P1: Runtime Enforcement

  • Deliver:
    • Budget supervisor (tokens/steps/tool calls/time/cost).
    • Mission total budget and parent-remaining inheritance capping.
    • Capability runtime checks (tools/fs/net/secrets/git).
    • Approval handoff for push when push_requires_approval=true.
    • Dedicated approvals view endpoint.
    • Completion/failure lifecycle events.
  • Acceptance:
    • Budget exhaustion triggers cancel-first behavior and events.
    • Mission budget exhaustion cancels mission instances and emits mission event.
    • Disallowed fs/net/git/secrets operations are blocked with machine-readable reasons.
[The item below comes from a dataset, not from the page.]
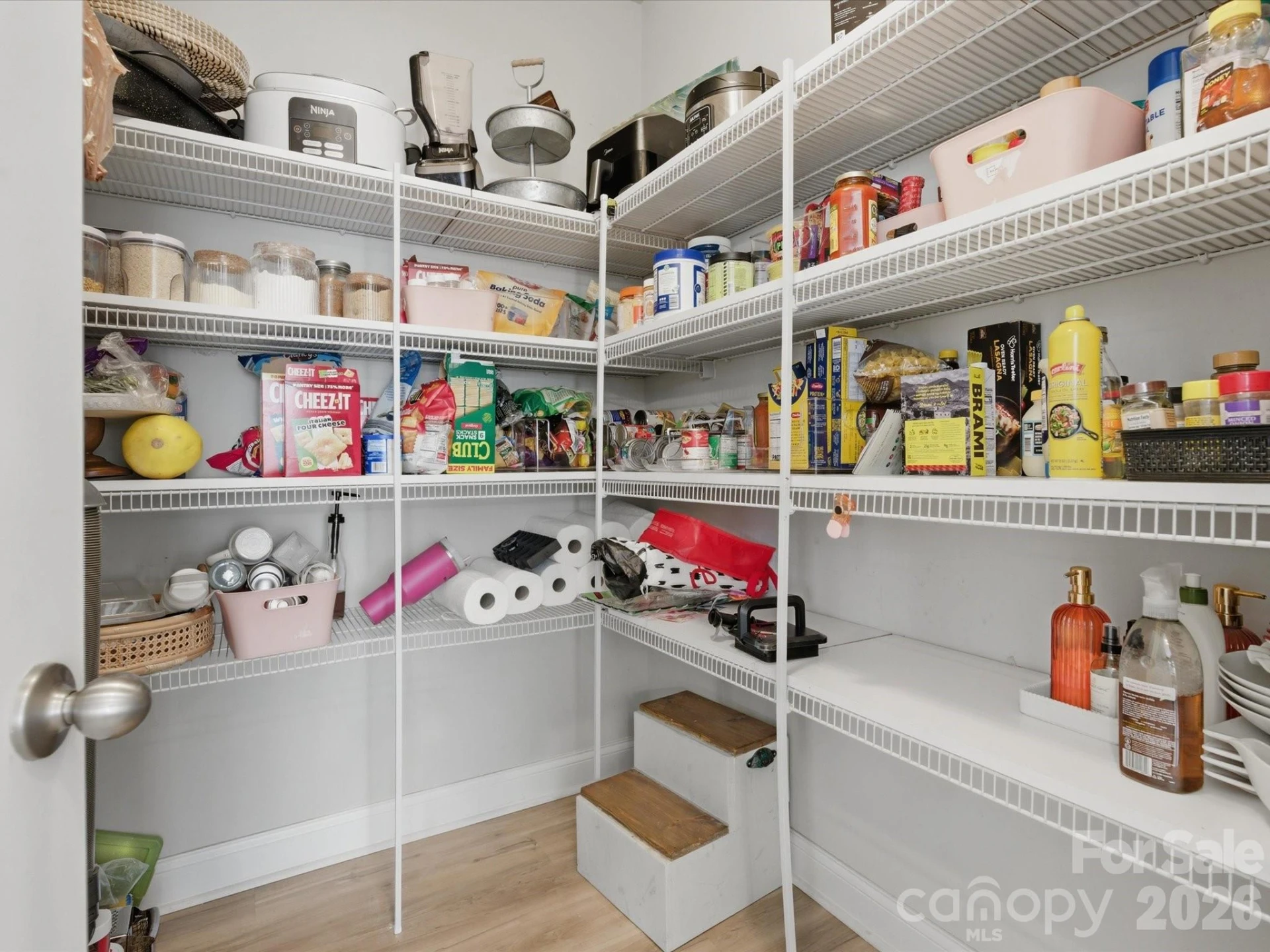 1013 Brunswick Way - Photo 24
P2: Command Center Surfaces

  • Deliver:
    • Desktop/TUI surfaces for instances, mission rollups, and approvals.
    • Live event-based status and budget telemetry.
    • Filtering by mission, status, parent/child lineage.
  • Acceptance:
    • Operator can observe who spawned whom, active status, budget burn, denials, and failures.
    • Operator can cancel instance/mission and resolve approvals from dedicated UI workflows.